[Source data]

━━━

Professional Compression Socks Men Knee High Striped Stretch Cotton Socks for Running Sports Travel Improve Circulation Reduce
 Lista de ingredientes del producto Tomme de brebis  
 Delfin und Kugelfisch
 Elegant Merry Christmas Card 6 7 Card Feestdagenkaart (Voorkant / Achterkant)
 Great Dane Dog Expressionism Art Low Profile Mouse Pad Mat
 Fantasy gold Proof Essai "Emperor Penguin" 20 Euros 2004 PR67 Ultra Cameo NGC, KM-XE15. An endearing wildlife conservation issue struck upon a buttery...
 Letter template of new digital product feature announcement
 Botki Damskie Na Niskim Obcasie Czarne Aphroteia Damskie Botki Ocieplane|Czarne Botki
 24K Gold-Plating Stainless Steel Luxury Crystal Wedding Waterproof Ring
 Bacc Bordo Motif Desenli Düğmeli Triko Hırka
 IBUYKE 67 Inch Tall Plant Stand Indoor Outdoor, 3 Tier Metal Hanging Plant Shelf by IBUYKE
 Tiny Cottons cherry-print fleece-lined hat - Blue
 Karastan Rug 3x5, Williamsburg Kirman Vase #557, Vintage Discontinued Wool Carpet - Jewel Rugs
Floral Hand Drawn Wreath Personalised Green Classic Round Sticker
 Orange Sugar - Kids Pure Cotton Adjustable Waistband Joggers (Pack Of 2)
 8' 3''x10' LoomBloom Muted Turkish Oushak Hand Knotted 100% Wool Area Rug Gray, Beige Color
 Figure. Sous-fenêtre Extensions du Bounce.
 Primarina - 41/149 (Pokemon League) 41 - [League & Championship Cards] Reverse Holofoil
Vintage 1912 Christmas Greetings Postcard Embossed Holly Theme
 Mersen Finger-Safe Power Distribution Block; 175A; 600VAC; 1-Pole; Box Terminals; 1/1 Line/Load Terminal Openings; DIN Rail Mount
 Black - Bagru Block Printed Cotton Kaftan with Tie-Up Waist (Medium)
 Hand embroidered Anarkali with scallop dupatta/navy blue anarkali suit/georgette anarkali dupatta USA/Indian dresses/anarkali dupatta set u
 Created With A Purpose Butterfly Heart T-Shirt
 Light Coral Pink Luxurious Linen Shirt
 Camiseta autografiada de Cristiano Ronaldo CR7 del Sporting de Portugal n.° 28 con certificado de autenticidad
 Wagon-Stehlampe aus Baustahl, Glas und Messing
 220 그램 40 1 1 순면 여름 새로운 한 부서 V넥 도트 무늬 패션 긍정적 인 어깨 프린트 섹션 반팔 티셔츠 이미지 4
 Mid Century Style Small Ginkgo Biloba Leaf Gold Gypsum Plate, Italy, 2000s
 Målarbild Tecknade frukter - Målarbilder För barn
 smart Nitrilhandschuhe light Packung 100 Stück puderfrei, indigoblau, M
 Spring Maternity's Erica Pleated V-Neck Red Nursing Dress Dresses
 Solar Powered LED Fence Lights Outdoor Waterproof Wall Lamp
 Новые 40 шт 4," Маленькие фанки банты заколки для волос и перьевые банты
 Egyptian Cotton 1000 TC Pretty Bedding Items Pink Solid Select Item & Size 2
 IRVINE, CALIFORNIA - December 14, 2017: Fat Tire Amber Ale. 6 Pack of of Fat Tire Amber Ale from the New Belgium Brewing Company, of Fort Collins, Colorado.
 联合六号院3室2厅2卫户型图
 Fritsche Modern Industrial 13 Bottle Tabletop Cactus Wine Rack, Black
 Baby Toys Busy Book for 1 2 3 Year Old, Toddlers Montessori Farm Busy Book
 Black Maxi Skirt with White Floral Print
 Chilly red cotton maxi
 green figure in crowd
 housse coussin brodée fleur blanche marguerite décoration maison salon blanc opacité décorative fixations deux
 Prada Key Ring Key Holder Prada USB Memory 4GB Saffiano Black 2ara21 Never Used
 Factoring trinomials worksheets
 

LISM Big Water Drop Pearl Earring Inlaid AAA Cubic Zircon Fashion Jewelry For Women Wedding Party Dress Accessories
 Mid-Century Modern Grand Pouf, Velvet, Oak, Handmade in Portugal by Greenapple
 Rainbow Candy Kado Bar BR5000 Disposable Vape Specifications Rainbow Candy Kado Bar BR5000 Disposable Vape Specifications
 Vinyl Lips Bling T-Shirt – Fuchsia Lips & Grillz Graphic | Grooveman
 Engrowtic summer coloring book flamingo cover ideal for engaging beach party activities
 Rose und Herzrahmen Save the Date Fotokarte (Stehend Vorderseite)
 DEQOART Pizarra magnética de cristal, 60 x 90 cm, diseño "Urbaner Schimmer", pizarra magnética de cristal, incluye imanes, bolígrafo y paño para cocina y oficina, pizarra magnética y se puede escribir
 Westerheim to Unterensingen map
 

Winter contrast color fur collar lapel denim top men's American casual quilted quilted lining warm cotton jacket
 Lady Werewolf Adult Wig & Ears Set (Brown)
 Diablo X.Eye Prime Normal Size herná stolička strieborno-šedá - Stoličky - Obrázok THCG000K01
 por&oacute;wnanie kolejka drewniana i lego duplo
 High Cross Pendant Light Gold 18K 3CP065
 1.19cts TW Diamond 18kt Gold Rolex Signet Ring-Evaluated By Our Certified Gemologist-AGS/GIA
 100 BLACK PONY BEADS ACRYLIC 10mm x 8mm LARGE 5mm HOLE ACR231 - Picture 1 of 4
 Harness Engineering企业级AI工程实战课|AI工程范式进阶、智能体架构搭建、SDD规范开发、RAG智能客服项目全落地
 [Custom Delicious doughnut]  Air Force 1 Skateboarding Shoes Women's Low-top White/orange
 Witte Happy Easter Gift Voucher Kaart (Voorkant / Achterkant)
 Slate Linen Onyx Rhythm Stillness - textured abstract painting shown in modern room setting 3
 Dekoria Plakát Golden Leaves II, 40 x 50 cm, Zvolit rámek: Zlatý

━━━

From the data above, output exactly the lines between the one containing "Karastan Rug 3x5, Williamsburg" and the one containing "Primarina - 41/149", counting both of them.

__Response for this exercise__:
 Karastan Rug 3x5, Williamsburg Kirman Vase #557, Vintage Discontinued Wool Carpet - Jewel Rugs
Floral Hand Drawn Wreath Personalised Green Classic Round Sticker
 Orange Sugar - Kids Pure Cotton Adjustable Waistband Joggers (Pack Of 2)
 8' 3''x10' LoomBloom Muted Turkish Oushak Hand Knotted 100% Wool Area Rug Gray, Beige Color
 Figure. Sous-fenêtre Extensions du Bounce.
 Primarina - 41/149 (Pokemon League) 41 - [League & Championship Cards] Reverse Holofoil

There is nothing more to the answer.